In my own office, a few of us streamed the coverage publicly, but we mostly went through the process alone in that we didn't discuss the testimony or connect with each other. There was a passing acknowledgement among the more senior staff that the testimony happening, but overall people kept their opinions to themselves. Those streaming or otherwise publicly following along appeared to be in the minority: while it's possible that others in our office were following along more discreetly on social media, the majority of the office proceeded as though it was business as usual.
The Atlantic rightly points out that measuring media consumption is difficult but from the data we do have, it would appear that a large number of people were and are following the developments of Kavanaugh's nomination and confirmation. Nielsen reported 20.4 million tuned into traditional television media channels—such as ABC, CBS, NBC, CNN, Fox News, and MSNBC. This number didn't include PBS, C-SPAN and the Fox Business Network. It probably didn't include streaming services. And it certainly doesn't account for the tweets or posts people shared and re-shared on social media services. To put this in perspective, the 20.4 million by itself is an audience similar to a play-off football game or the Academy Awards. Betterworks, an HR company, reports that since the 2016 election, more people are paying attention to politics, and that includes when they are at work:
87% of employees "read political social media posts at work"

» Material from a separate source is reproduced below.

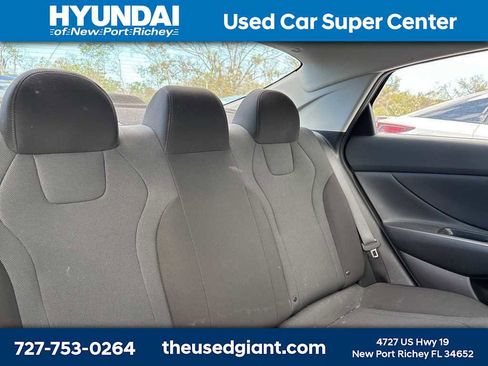 Used 2023 Hyundai Elantra SE image 8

80% percent said they have discussed politics with professional contacts or colleagues
nearly 50% said they had seen a political conversation turn into an argument at work
The attention to politics has been magnified by the content and tone of the confirmation hearings—the allegations levied by Dr. Christine Blasey Ford of sexual assault—which has resonated with the many victims of sexual assault and harassment. On the day of the testimonies, the Rape, Abuse, and Incest National Network reported an 147% increase in call volume than on a normal weekday. Overall there has been a 46% increase in calls in comparison to this time last year. Taken together, the data supports the idea that many people have been impacted by this confirmation.
What does this mean for the workplace? Politics has long been regarded as a taboo topic on the job, right up there with badmouthing your boss, touting your religion, the amount of your paycheck, family concerns, and health issues. These items have been relegated squarely to the realm of personal; except as work encroaches on personal time, it is harder to keep some of these items out of the workplace, particularly when there may be a direct impact on employees' mental health. For survivors of sexual assault, these proceedings are hard to ignore. There is also a greater emphasis on company culture, and creating an environment where people feel they belong. This creates a greater desire to work in places with like-minded people, which means that people are more interested in their colleagues. While experiences of sexual assault may not be primary conversation for the lunchroom, people are adept at seeking cues about their colleagues to learn about them. It has become the norm to share. This means it is harder to ignore political leanings, despite the negative impacts this may have on teams.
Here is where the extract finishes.